White House considering covert operations against Iran
September 6, 2011 Leave a comment
By JOSEPH FITSANAKIS | intelNews.org |
One of the major strategic objections to the US invasion of Iraq in 2003 was the near-certain prospect that removing the Sunni-dominated Ba’ath Party from power would increase Iranian-Shiite influence in the country. As the US military exit strategy gradually unfolds in Iraq, the administration of US President Barack Obama is faced with precisely this prospect. While US troops are leaving Iraq, Iran is doing what any logical regional power would do: namely strengthening its clandestine footprint inside Iraq and preparing Tehran-allied Iraqi groups for the impending showdown with Sunni power centers. An article that appeared in today’s Wall Street Journal notes that “growing concern [about regional] influence from Iran” has prompted the Obama administration to explore covert ways of countering it. According to the article, US intelligence agencies have detected “increased arms smuggling [by Iran] to its allies” in Iraq, Bahrain and Syria (and, one would suppose, Lebanon, though this is not mentioned in the piece).
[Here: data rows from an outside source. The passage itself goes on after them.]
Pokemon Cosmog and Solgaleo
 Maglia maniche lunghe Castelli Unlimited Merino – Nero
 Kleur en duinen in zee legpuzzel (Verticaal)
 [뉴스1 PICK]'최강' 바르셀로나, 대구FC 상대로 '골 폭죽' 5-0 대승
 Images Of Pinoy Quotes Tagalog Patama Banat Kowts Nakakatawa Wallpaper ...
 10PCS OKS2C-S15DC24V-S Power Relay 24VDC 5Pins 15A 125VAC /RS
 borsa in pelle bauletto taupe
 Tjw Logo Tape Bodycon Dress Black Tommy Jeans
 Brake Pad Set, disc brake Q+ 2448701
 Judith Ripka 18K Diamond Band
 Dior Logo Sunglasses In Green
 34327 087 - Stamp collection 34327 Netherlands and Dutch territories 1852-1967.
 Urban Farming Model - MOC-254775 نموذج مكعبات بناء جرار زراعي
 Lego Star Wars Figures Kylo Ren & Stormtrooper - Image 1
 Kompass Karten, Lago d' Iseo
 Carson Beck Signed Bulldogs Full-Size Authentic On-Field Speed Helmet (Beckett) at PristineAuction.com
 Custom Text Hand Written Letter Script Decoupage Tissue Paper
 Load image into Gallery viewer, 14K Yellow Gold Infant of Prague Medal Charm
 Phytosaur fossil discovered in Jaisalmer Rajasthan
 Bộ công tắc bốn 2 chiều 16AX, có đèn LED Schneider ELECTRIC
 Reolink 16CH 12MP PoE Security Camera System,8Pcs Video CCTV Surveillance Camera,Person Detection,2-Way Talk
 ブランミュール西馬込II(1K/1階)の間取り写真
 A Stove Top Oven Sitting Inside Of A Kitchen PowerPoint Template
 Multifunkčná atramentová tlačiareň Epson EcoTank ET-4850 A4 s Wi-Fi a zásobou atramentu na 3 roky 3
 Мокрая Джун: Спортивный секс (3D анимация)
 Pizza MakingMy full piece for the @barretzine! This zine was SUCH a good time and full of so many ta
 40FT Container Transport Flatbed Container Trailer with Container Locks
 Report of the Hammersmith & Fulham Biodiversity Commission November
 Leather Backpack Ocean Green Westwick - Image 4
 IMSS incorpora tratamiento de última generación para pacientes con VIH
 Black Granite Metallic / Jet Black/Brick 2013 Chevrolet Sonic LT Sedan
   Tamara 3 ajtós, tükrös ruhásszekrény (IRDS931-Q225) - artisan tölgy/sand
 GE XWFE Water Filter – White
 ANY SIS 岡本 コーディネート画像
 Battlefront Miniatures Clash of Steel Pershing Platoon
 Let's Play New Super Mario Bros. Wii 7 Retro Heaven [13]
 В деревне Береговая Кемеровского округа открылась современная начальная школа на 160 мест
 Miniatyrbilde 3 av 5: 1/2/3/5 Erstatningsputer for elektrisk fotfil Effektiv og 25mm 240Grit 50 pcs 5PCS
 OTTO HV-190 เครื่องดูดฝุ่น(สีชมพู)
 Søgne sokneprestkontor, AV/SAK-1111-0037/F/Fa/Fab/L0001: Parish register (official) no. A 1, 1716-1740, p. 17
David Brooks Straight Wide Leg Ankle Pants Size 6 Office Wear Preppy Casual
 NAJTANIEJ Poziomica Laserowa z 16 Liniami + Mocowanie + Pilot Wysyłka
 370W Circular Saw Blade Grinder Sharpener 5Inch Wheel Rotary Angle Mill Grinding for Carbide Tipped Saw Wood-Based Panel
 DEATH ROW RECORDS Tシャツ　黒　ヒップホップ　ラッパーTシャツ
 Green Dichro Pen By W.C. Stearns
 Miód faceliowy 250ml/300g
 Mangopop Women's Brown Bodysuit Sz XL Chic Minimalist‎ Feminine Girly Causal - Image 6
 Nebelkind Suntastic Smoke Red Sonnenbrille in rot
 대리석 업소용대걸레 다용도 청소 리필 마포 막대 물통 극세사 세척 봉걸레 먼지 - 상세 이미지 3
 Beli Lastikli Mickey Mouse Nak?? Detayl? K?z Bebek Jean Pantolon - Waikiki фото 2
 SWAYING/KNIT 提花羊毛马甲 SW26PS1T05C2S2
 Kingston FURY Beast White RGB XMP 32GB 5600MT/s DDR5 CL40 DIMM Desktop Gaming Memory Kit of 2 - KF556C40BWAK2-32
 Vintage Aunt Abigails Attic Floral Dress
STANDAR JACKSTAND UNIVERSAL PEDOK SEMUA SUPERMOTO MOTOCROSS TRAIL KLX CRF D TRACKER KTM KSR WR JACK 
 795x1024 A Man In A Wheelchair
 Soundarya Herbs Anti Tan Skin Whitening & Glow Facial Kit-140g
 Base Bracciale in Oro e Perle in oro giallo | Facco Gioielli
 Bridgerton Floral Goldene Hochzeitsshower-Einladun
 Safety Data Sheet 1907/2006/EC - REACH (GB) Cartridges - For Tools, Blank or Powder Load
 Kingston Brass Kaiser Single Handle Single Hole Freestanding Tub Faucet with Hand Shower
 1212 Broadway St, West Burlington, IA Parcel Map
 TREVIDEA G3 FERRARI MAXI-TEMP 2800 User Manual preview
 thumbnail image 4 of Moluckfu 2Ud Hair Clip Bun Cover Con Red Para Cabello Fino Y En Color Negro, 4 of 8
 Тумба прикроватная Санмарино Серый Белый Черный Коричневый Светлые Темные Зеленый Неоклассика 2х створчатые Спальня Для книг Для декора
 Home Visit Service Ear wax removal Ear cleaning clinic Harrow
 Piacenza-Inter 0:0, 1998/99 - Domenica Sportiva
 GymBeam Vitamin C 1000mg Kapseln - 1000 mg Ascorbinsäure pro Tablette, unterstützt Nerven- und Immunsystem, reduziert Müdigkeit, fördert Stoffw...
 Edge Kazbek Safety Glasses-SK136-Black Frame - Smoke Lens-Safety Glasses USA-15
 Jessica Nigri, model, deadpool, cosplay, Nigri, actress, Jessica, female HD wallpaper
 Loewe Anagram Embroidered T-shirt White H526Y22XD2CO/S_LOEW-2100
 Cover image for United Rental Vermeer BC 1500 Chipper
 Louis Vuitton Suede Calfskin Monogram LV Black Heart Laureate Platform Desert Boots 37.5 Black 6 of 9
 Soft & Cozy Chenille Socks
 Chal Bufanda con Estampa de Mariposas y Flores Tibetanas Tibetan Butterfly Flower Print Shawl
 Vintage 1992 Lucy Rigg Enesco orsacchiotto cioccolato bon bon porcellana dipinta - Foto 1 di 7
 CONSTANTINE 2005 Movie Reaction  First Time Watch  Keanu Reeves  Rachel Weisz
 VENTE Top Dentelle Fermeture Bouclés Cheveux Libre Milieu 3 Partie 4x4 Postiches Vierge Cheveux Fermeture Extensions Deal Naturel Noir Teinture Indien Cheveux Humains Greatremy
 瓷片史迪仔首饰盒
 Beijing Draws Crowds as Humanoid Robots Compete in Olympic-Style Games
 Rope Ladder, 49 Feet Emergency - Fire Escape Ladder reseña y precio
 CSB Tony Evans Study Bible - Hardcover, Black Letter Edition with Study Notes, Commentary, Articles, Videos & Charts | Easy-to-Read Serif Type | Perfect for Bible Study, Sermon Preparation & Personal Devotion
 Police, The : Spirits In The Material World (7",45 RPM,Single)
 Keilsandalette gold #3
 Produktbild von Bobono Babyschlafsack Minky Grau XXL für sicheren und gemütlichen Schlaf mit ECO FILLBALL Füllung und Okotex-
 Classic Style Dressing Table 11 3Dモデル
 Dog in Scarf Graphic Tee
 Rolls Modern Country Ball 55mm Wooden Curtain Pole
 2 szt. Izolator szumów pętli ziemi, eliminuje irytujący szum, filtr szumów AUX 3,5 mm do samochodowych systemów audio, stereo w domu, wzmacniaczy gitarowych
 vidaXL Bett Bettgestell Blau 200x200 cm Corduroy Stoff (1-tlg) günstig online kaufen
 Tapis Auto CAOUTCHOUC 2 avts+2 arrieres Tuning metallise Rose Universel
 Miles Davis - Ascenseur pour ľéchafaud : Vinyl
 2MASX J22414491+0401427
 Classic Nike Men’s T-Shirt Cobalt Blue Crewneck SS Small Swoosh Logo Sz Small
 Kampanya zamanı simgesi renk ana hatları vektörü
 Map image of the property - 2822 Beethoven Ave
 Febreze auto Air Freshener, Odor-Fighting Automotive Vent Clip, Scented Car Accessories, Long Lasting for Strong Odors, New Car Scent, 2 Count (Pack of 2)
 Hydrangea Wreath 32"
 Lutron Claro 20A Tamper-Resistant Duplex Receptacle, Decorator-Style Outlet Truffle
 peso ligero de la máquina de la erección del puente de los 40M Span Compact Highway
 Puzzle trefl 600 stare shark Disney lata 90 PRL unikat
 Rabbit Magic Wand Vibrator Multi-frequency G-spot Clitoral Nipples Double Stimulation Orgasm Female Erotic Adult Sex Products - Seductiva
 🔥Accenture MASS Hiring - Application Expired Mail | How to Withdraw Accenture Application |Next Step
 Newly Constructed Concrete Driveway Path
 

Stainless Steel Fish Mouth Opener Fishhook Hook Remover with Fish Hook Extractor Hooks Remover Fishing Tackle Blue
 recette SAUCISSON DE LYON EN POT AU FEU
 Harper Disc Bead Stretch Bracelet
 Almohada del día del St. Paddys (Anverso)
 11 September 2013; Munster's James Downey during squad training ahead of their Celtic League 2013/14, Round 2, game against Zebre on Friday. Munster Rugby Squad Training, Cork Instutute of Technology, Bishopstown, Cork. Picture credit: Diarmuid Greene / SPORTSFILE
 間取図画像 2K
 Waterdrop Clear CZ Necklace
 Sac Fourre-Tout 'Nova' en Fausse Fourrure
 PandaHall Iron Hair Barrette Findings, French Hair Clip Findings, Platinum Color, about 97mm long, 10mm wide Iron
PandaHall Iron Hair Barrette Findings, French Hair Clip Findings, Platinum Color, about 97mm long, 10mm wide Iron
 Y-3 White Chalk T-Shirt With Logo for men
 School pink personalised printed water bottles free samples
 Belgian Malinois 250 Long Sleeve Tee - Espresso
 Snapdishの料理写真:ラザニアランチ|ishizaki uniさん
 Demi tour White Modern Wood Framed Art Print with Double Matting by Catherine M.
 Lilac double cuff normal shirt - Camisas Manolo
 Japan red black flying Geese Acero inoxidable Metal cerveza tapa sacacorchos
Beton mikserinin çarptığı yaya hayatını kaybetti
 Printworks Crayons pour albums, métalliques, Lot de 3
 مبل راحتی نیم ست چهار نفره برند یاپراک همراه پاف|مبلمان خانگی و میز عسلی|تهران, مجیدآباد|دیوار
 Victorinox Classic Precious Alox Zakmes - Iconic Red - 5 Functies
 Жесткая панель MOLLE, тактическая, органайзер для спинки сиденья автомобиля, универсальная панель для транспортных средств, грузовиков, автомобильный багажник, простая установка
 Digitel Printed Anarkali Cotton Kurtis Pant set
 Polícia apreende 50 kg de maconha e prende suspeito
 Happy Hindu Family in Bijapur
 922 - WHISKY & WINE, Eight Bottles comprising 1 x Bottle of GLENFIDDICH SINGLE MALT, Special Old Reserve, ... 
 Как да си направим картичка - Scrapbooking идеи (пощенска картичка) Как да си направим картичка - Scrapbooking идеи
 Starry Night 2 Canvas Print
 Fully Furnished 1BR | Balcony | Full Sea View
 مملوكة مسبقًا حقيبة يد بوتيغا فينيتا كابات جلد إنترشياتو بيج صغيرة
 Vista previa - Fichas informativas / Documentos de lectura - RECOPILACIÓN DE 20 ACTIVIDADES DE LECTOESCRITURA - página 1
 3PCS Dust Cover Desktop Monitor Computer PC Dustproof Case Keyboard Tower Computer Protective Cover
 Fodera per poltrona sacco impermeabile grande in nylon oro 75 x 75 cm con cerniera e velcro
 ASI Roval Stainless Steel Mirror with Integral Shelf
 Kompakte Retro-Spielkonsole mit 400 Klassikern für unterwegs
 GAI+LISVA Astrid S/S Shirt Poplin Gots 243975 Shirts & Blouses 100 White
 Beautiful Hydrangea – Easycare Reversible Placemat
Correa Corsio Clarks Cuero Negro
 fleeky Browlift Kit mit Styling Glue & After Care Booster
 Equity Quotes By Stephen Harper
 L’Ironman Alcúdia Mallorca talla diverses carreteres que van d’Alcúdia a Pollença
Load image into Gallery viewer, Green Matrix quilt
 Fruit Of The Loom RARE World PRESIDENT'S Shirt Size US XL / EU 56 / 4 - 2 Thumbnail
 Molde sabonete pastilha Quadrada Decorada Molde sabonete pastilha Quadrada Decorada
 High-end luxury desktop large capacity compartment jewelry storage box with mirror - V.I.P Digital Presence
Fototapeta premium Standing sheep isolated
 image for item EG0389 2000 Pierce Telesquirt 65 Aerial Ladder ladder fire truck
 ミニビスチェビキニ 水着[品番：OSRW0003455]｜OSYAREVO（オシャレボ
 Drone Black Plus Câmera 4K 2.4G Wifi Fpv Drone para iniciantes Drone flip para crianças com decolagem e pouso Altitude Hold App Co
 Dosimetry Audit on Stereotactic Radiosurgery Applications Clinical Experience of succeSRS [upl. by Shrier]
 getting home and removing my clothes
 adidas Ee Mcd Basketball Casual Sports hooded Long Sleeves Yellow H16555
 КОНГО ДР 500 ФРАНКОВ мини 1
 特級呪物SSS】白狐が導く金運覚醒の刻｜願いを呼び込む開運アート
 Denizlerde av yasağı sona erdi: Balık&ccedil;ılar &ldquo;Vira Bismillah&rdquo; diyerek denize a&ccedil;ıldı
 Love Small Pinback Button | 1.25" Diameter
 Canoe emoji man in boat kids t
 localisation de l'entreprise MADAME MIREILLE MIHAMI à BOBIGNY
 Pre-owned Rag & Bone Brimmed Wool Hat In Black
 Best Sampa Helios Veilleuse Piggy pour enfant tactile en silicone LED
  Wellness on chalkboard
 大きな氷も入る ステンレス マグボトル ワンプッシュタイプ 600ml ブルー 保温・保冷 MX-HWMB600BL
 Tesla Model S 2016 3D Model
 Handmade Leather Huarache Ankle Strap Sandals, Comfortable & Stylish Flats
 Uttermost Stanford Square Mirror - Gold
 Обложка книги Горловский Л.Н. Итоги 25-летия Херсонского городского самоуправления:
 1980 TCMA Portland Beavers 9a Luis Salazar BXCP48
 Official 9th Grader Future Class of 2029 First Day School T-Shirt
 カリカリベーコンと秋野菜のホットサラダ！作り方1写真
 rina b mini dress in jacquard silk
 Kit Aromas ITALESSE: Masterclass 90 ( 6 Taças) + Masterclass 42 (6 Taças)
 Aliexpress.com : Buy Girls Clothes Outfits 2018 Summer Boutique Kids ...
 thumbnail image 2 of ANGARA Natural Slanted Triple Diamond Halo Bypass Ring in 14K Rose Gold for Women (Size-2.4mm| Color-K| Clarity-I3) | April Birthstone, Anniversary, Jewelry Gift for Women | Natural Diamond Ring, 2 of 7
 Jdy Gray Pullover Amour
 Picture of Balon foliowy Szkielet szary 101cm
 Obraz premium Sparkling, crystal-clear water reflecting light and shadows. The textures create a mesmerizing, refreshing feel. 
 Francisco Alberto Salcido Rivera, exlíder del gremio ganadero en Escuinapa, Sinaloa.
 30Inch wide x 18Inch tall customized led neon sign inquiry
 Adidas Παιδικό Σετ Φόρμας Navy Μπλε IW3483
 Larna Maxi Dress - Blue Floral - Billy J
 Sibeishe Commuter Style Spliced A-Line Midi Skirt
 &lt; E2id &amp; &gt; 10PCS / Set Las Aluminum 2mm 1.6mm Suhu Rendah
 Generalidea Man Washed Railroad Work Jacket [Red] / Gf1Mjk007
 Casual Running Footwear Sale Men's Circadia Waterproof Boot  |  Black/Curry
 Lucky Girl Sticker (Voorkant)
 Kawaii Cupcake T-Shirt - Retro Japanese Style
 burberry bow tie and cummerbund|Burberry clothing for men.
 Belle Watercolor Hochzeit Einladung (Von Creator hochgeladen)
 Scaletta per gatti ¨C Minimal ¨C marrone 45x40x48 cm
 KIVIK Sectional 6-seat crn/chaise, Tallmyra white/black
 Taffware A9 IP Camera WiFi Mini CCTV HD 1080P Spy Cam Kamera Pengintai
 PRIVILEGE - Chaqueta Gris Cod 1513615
The administration has therefore “pushed the military and intelligence communities to develop proposals to counter Tehran”, says the Journal. The push has prompted American intelligence and military planners to request “greater authority to conduct covert operations to thwart Iranian influence in neighboring Iraq”. This essentially implies an appeal for a Presidential “finding”, a secret executive authorization that —under the National Security Act— would provide the required legal basis for covert operations conducted abroad. The Journal piece says that its sources are not at this point willing to specify the precise nature of such covert operations against Iran; but they did note that “the current proposal is limited in scope”, aiming to counter Iranian influence (notably weapons smuggling) in Iraq, rather than the entire region. The article mentions paramilitary operations (what the CIA calls “special operations”) conducted by Special Forces teams under CIA command (the CIA is the only US government agency legally permitted to conduct covert action). But the article does not specify whether such operations would be conducted on Iraqi or Iranian soil, nor does it mention non-paramilitary-type covert operations, such as propaganda campaigns, economic warfare, exfiltration of agents, etc. Watch this space for more on this subject, as it becomes known.